In measure-theoretic probability (rigorous probability theory), there is no distinction between discrete and continuous probability distributions/variables. Unfortunately, most researchers never take courses in measure theory or rigorous probability theory. Of course we cannot measure irrational values, merely approximate them. And of course one can define integration over the rationals (just as derivatives and continuous functions have for decades). The question, as I understand it having read my original questions, is whether there is a useful construction of a calculus of incomplete "dense" sets like the rationals. I am quite sure that the answer is no (thanks to having a clear mind relative to the one on Nyquil I had when I apparently asked this question).To the extent that a discrete calculus using the rationals is useful for the purposes I think I wanted, a few examples of derivatives and continuous functions using the rationals demonstrate the limitations as well as any such construct.
What do you mean by "calculus" in "construction of a calculus of incomplete "dense" sets like the rationals?"
Yeah, but, as with the Cantor set, even though the cut removes most of the numbers, the residual is dense and spans the interval; hence, you can integrate using just rationals, skipping the irrationals, and still span the interval completely, rather, cover the space adequately.
Dear Luisiana Cundin:
The "residual" is the Cantor set (the intersection/summation of removed intervals/amounts is its complement). The residual is nowhere dense yet uncountably infinite. The complement is (obviously, given its algorithmic/sequential construction) countable and has measure 1 (granted the typical ternary version) because it is the sum of interval "lengths" equal to that of the unit interval.
Also, the removed intervals contain infinitely many irrational numbers, i.e., the complement of the Cantor set (the set with positive measure) contains uncountably many irrational numbers. To see this, simply recognize that the first interval removed (1/3,2/3) contains uncountably many irrational numbers. The Cantor set doesn't span the unit interval (it has measure 0) and its complement of measure 1 contains uncountably infinitely many irrational numbers.
All right, all right. So, construct a new set, one where all the irrationals have been judiciously cut out. The residual would be everywhere dense and contain rationals alone.
Actually, it appears the set of rationals alone do not constitute a dense set and is not suitable for integration.
http://home.iitk.ac.in/~tmk/courses/mth404/main.pdf
Huh? In what sense "the set of rationals alone do not constitute a dense set?" Can you clarify? Aren't rationals dense in reals in the standard metric d(x,y)=|x-y|? Andrew, why are you so obsessed with the Cantor set?
What is meant: a given set of ordered rationals are punctured by an infinite set of irrationals, hence, that set would not allow Riemann integration. This brings me back to Cauchy's integration, where one evaluates a function at each pole along some interval; hence, enabling integration in cases not usually allowed.

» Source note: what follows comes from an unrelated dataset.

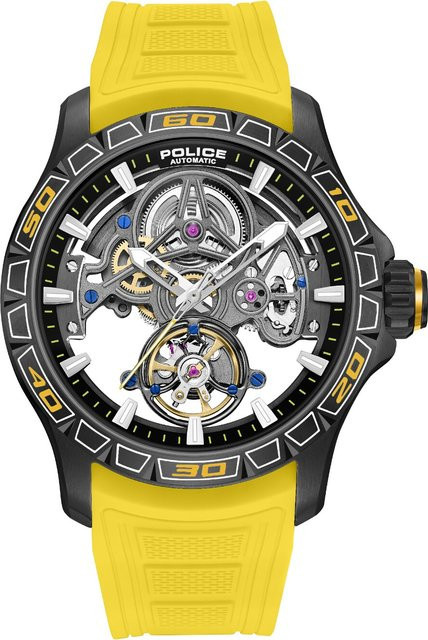 Police Herrenuhr Spirit, Automatik, Edelstahl, 45 mm, Silikon, 5 ATM - Bild 1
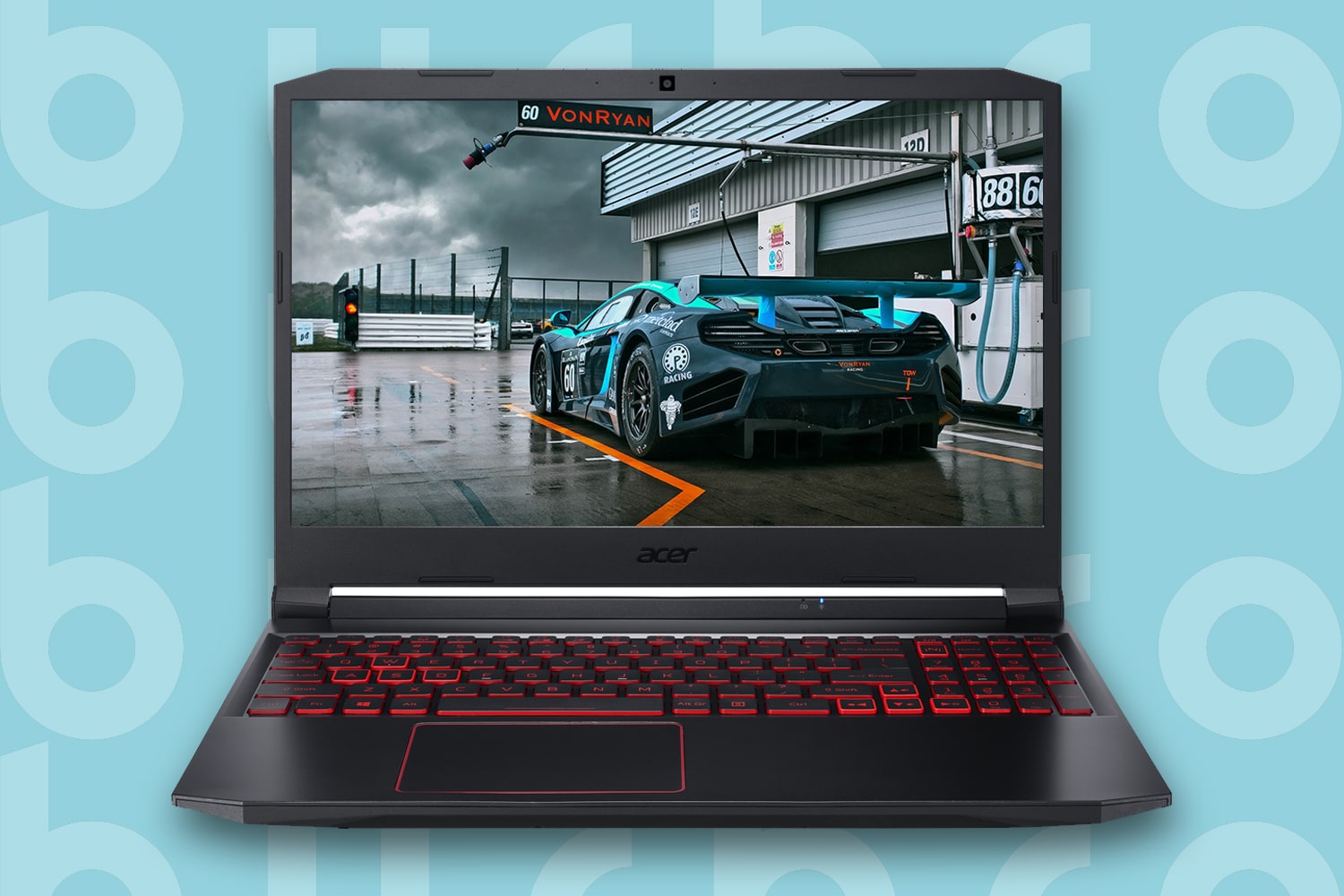 This is the cover for our Best Gaming Laptop Under $1500 article. It features Acer Nitro 5 laptop overlaying a turquoise background with an embossed Burbro logo.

You are wrong. If the function we want to integrate is defined on rationals and is uniformly continuous, its Riemann integral can be calculated with no troubles, and the value of this integral will be the same as the Riemann integral of the (unique) continuous continuation of this function to the reals.
Technically speaking, not so. If I take a set and remove the irrationals, x in [0,1]\Q, would render a discontinuous set, the Riemann sum becomes non-integrable, for there would be confusion over each sub-interval, their endpoints and whether or not there are overlaps. Usually, Lebesgue measures are introduced to get around this... Once again, it seems to me that one must "jump" over various discontinuities in order to integrate; hence, one is really summing up a sequence of residues.

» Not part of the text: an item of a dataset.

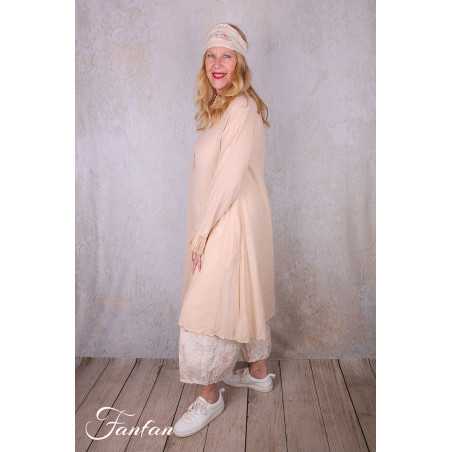 Les Ours Veste longue Mina stripe rose en coton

Nonsense! For uniformly continuous functions on rationals Riemann integral works fine and all the formulas are the same.
See example 1.3 on page 3 of the attached paper, attached to my previous comment made above...
Irrelevant. The example is talking about the Dirichlet function that is 1 on rationals and 0 on irrationals. I am talking about uniformly continuous functions on rationals that a priori are not defined on irrationals, but of course can be extended there by continuity. For such functions Riemann integral as the limit of Riemann sums is well defined and works just fine. So you are wrong again.
OK Fine. How do you define a continuous function mapped to an interval that all irrationals have been removed? Moreover, the constant function is certainly continuous throughout any interval. And, I can certainly define any new function, h(x), by multiplying g(x) by f(x), where the latter is unity for all rationals and zero for irrationals.
I was talking about uniform continuity, I.e. for every e there is d such that |f(x)-f(u)|
But, the whole point is that the Riemann sum would need to avoid all irrationals; hence, you must cut out these values. One way would be to simply multiply any function g(x) by f(x), where f(x) is defined to be unity for all numbers except irrationals. That would ostensibly mean NO function is Riemann integrable, if the irrationals are removed!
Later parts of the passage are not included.